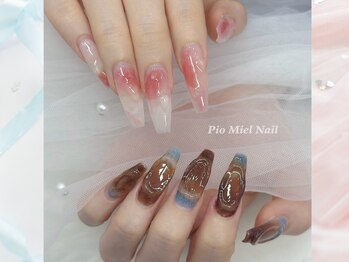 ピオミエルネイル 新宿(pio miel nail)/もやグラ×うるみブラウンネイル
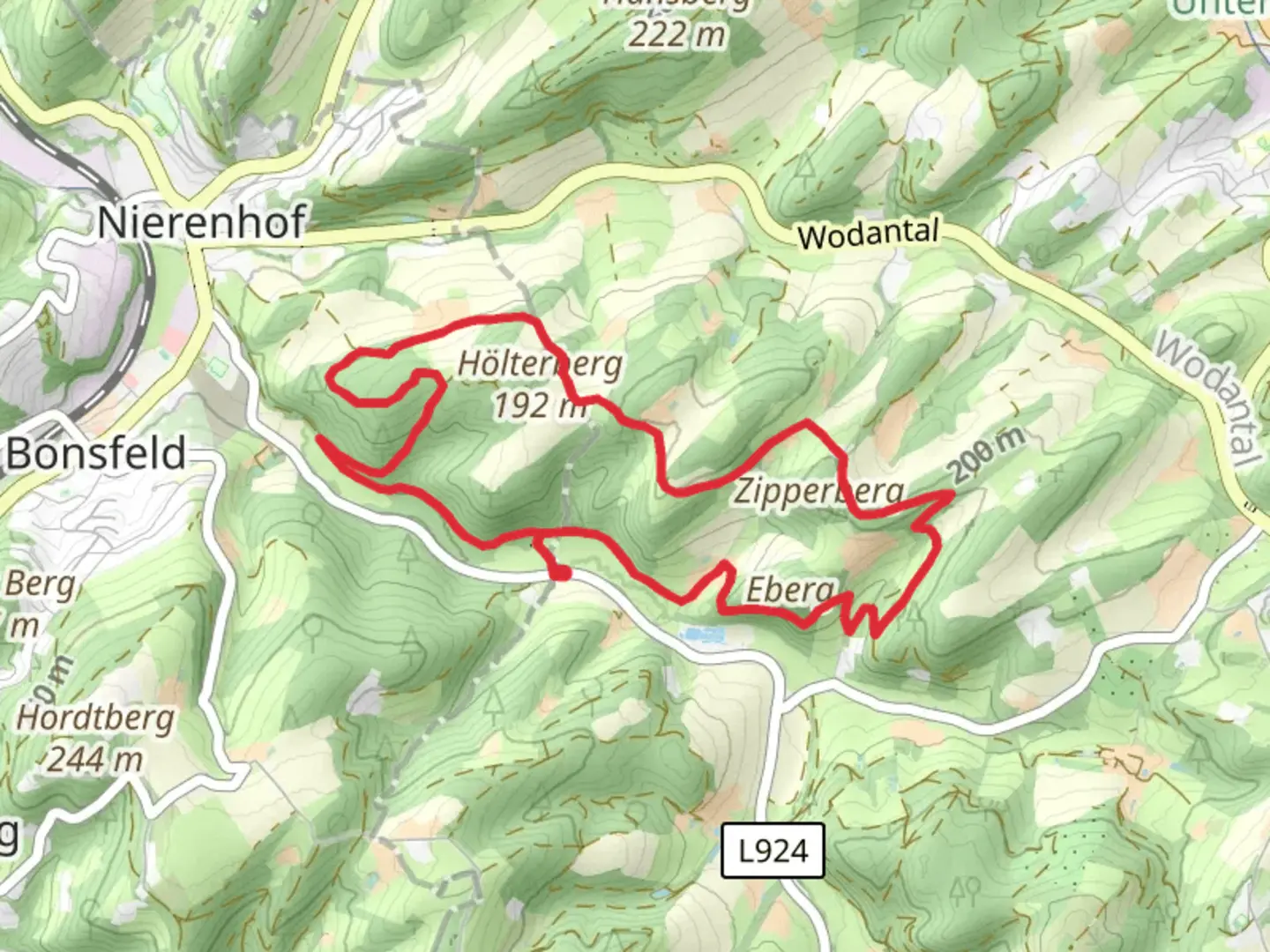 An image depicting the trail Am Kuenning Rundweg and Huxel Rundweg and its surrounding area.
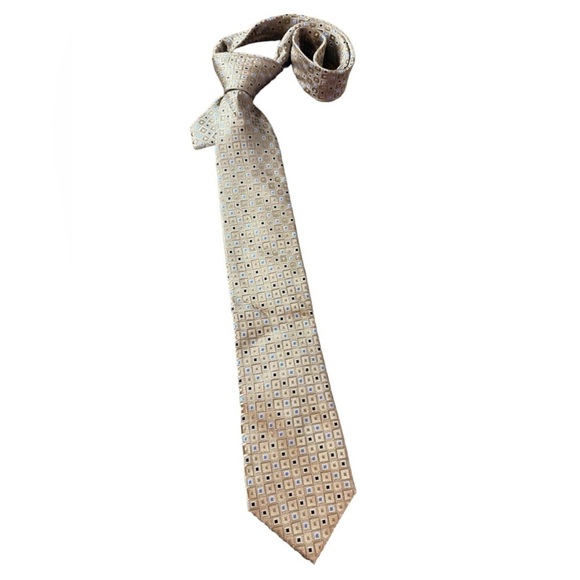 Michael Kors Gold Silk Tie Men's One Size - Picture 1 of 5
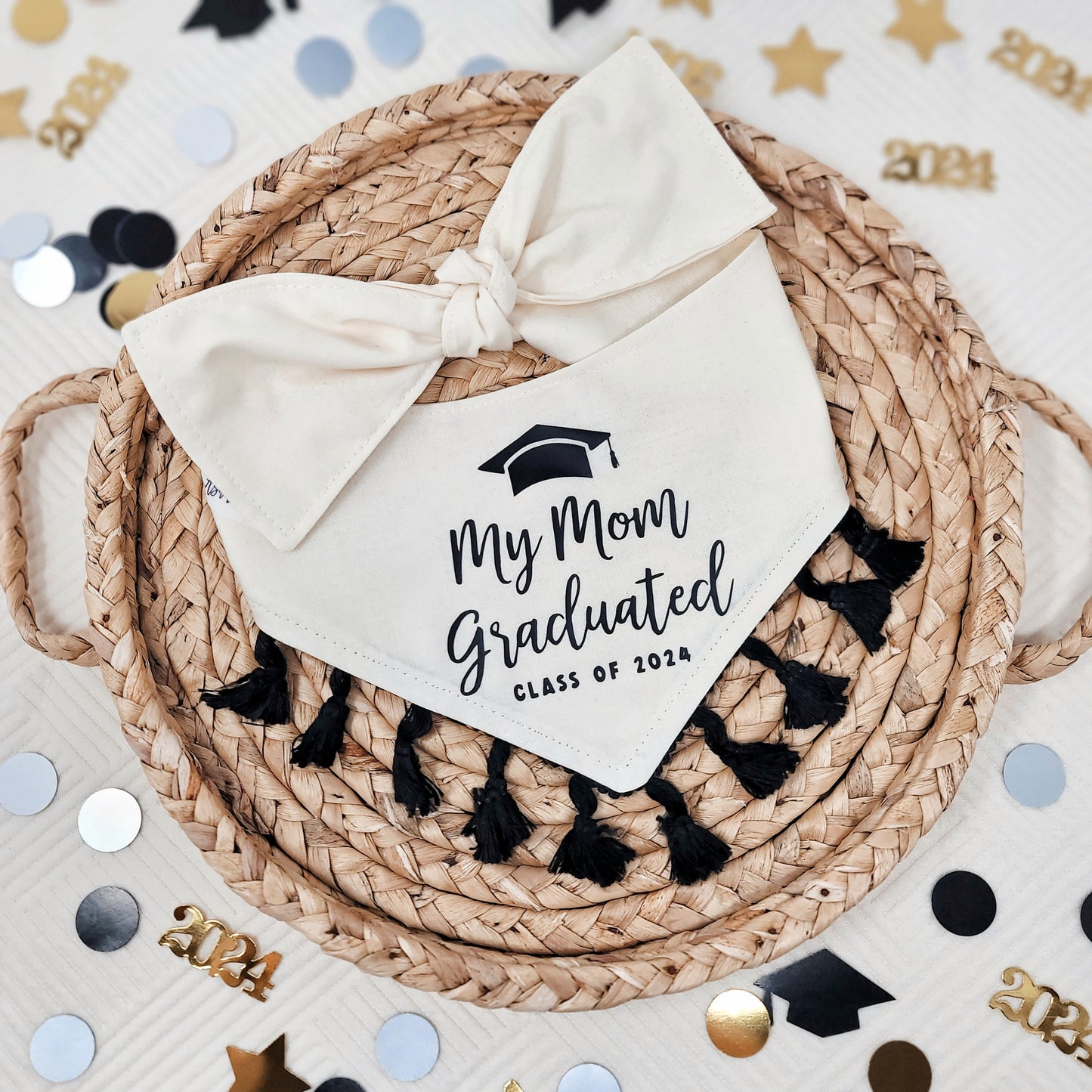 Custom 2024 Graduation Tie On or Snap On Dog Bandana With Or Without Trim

▶ _YOUR INSTRUCTIONS_
Drop the pictures and reproduce the rest of the data exactly.

▶ _RESPONSE BELOW_
 ピオミエルネイル 新宿(pio miel nail)/もやグラ×うるみブラウンネイル
 An image depicting the trail Am Kuenning Rundweg and Huxel Rundweg and its surrounding area.
 Michael Kors Gold Silk Tie Men's One Size - Picture 1 of 5
 Custom 2024 Graduation Tie On or Snap On Dog Bandana With Or Without Trim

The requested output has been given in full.